--- AVAILABLE DATA Enclosed Below ---

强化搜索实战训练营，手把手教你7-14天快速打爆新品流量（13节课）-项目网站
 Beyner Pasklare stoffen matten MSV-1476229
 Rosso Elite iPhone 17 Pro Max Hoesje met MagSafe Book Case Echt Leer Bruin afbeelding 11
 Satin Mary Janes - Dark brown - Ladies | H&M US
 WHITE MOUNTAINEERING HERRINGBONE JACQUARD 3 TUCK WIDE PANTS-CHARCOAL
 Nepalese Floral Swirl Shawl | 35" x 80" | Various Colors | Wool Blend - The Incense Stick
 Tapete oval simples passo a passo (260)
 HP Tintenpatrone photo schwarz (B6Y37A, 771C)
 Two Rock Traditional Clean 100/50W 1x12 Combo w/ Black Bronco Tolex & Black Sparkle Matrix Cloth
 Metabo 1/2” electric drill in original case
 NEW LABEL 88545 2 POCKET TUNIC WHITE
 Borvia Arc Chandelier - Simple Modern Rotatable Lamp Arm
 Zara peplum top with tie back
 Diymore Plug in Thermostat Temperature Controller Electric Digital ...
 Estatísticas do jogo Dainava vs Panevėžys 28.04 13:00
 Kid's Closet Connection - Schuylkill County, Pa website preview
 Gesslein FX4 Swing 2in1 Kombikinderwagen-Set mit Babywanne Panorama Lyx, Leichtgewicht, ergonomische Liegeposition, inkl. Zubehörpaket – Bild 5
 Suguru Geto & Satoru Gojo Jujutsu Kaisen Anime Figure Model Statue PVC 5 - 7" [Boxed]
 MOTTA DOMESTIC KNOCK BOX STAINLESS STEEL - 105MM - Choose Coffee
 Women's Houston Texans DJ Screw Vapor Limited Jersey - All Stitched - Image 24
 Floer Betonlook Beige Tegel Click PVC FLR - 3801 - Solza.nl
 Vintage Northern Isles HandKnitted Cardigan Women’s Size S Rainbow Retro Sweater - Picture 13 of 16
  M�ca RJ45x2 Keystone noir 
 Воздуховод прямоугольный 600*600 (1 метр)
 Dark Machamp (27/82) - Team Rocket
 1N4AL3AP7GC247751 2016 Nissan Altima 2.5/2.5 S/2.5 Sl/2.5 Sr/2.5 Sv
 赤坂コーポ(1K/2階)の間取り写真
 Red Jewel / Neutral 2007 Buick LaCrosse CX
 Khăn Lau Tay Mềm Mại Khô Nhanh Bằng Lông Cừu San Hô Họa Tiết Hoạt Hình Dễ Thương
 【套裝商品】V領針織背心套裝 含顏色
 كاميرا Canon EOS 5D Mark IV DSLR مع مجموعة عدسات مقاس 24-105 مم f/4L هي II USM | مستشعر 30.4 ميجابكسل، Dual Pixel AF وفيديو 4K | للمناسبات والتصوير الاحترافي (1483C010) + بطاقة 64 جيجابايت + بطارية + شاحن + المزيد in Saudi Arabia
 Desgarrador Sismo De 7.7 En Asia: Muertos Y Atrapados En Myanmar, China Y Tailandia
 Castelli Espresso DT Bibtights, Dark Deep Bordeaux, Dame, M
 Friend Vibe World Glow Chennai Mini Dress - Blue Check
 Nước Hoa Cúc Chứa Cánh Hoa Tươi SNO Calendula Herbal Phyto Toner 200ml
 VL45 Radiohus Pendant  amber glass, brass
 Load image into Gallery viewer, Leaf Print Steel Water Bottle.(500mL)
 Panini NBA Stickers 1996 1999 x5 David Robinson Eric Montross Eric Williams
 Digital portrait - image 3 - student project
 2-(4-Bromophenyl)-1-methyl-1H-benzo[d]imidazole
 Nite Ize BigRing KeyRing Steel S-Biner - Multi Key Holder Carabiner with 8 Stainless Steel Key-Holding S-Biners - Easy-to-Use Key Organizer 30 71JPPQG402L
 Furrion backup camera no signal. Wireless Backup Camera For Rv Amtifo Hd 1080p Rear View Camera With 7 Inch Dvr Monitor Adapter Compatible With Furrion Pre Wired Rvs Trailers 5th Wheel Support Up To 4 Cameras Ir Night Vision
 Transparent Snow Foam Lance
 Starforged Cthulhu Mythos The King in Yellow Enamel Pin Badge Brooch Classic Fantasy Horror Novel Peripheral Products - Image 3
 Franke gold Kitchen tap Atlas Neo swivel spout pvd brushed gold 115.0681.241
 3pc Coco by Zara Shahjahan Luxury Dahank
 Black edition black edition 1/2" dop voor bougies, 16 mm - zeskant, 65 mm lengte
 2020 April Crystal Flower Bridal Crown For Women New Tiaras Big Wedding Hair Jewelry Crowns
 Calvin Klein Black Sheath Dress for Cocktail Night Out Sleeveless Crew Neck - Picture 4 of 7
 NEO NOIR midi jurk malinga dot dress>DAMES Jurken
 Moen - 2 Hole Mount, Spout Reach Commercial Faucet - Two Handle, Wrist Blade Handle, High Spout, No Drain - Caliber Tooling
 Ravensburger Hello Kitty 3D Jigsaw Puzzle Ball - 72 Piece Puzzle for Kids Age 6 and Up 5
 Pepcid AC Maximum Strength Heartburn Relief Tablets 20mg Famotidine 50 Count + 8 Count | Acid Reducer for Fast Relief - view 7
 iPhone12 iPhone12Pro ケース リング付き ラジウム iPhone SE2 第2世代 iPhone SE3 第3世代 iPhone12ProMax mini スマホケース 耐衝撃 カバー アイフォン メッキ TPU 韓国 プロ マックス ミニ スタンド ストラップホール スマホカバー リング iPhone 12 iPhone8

--- End of Enclosed AVAILABLE DATA ---

* [WHAT THE TASK REQUIRES]: Copy every line from the records above that contains the word "Dark".

* [RESULT OF THE TASK]:
 Satin Mary Janes - Dark brown - Ladies | H&M US
 Dark Machamp (27/82) - Team Rocket
 Castelli Espresso DT Bibtights, Dark Deep Bordeaux, Dame, M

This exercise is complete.